En demasiadas ocasiones, sobre todo en los últimos diez o doce años, lo que se solía discutir no era si alguien no se merecía el Premio Canarias, sino al contrario, si alguien se lo merecía como el tolete que se merece un cogotazo o un malandrín pisar un charco de pis de gato. Por supuesto que existen peores disciplinas. Por ejemplo, el Premio Canarias de Comunicación, que se inventó para distinguir toda una carrera profesional, un galardón para seniors más o menos respetable, pero que se ha utilizado para todo: un barrido, un fregado, un enjabelgado. Por lo demás, ¿quién respeta esa distinción? Nadie. En el oficio siempre se recuerda el caso –sin duda ignorado en el estrafalario mundo exterior – de un admirado y admirable profesional al que se concedió el Premio Canarias de Comunicación para ser despedido por su empresa el año siguiente. Luego está, por supuesto, que sea el Gobierno quien concede el premio. Los gobiernos entregan premios y medallas para premiarse y enmedallarse a sí mismos. Igual que en el cuento de Cortázar un hombre descubría con horror que le había regalado a un reloj en su cumpleaños y no al contrario, el Gobierno de Canarias, como cualquier gobierno, utiliza sus cachivaches congratulatorios para resaltar su lucidez, su justicia, su profunda y humilde generosidad. Por otra parte, cada modalidad tiene su propio jurado, pero temo con algún fundamento que tales tribunales no son exactamente impermeables a las opiniones gubernamentales. Hay notables que han pertenecido a los jurados de los premios Canarias durante lustros. Tal vez podrían modificarse las bases de manera que fueran las universidades o las academias quienes se pronunciaran sobre las propuestas, pero eso multiplicaría aún más las presiones. Finalmente cualquier premio es un error para el que los da y el que lo recibe, una traición y en el mejor de los casos una recompensa desmedidamente insuficiente.
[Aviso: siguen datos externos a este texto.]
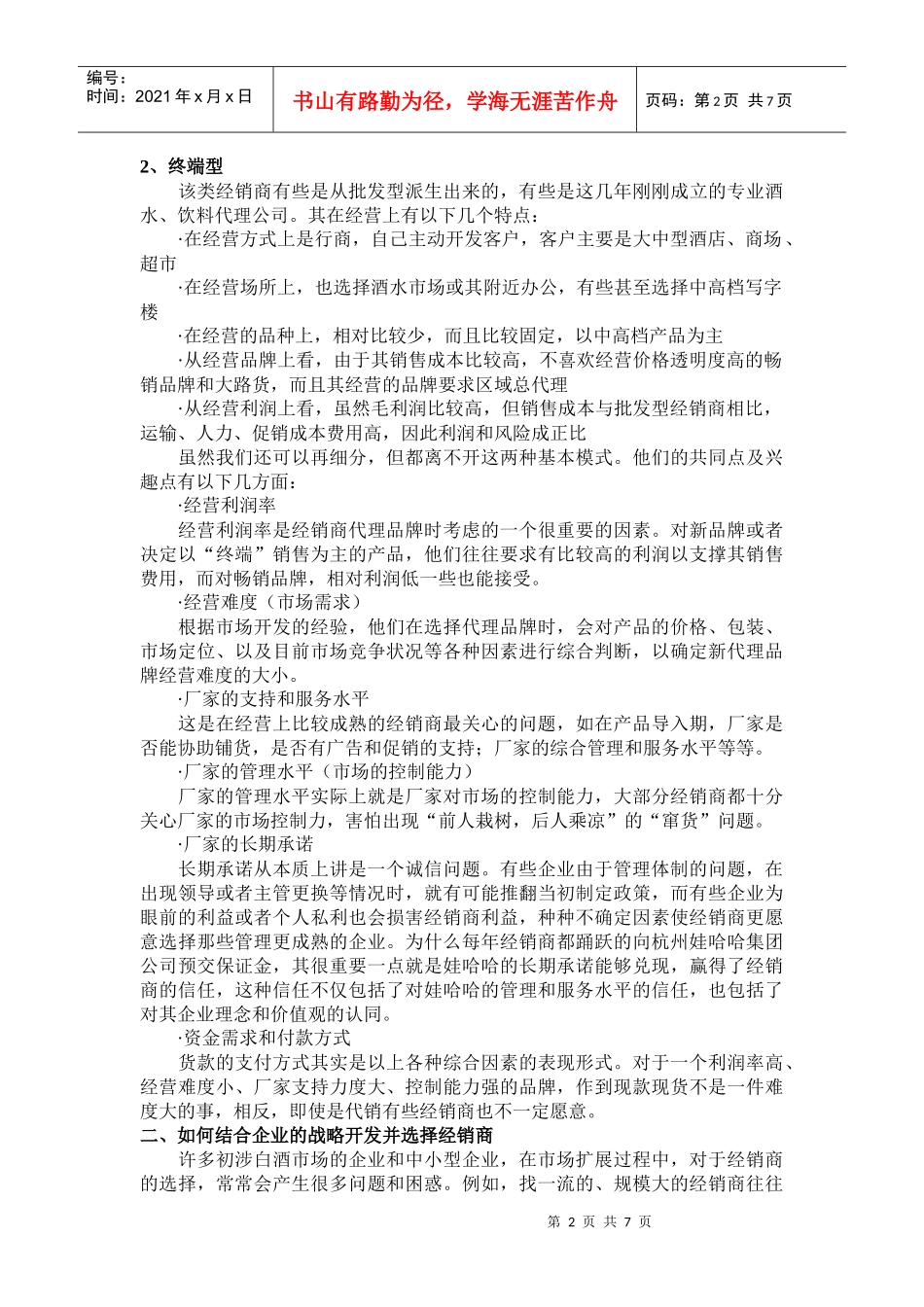 经销商的开发及管理_第2页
Este año el jurado del Premio Canarias de Literatura tuvo la lucidez suficiente para pensar en Elsa López; deberían darse prisa y no despistarse para reconocer la obra de Andrés Sánchez Robayna y Eugenio Padorno, poetas y críticos excepcionales. Elsa López es una de las grandes voces de la poesía canaria contemporánea. Y aunque su producción lírica no se agote en ello es la suya, sobre todo, la mejor poesía amorosa de nuestra más reciente tradición. Poesía amorosa cargada de erotismo inmediato y carnal, una poesía de los cuerpos como el único lugar donde el amor es posible, donde el amor triunfa y es derrotado, donde arden todas las verdades para que queden las cenizas de todas las mentiras, espléndida caída, momentos fulgurantes, reconociendo al amado, reconociéndose a sí misma en la muerte más dulce. “El que se arroja al agua con su cuerpo magnífico/y luego deja gotear el mar por sus caderas y las mías/ como una prueba incontestable de perfección y afecto./ Aquel que me sonríe/ desde la hilera mágica de su terrible boca,/ inocente guerrero,/ putrefacto montón de espléndida hermosura,/el único que sabe cómo he perdido la batalla/ y por eso me observa, todavía,/ con una cierta sombra de dulzura./ El que arrastra mi cuerpo por el campo de batalla/ despedazado el tronco y la plateada cabellera,/ y aún tiene conmigo la deliciosa costumbre/ de besarme los pies,/ ese es el que amo.
Hace ya muchos años, según recuerdo, conocí a Elsa López, y era una tarde de lluvia anónima y funcionarial, anémica y consentida como suele ser la lluvia en esta terrible Santa Cruz de Tenerife, y caminamos largamente orillando los charcos y hablando de poemas y poetas entre chisme y chiste, inteligente y dulce, sarcástica y amable, maligna y generosa, curiosa e indiferente, indiscreta y reservada, calculadora y espontánea, con una voz musical capaz de recitar todos los versos del mundo con una cierta sombra de dulzura mientras reía con una risa cascabelera y unos ojos melancólicos bajo la posma que parecía convocada por sus pequeñas manos.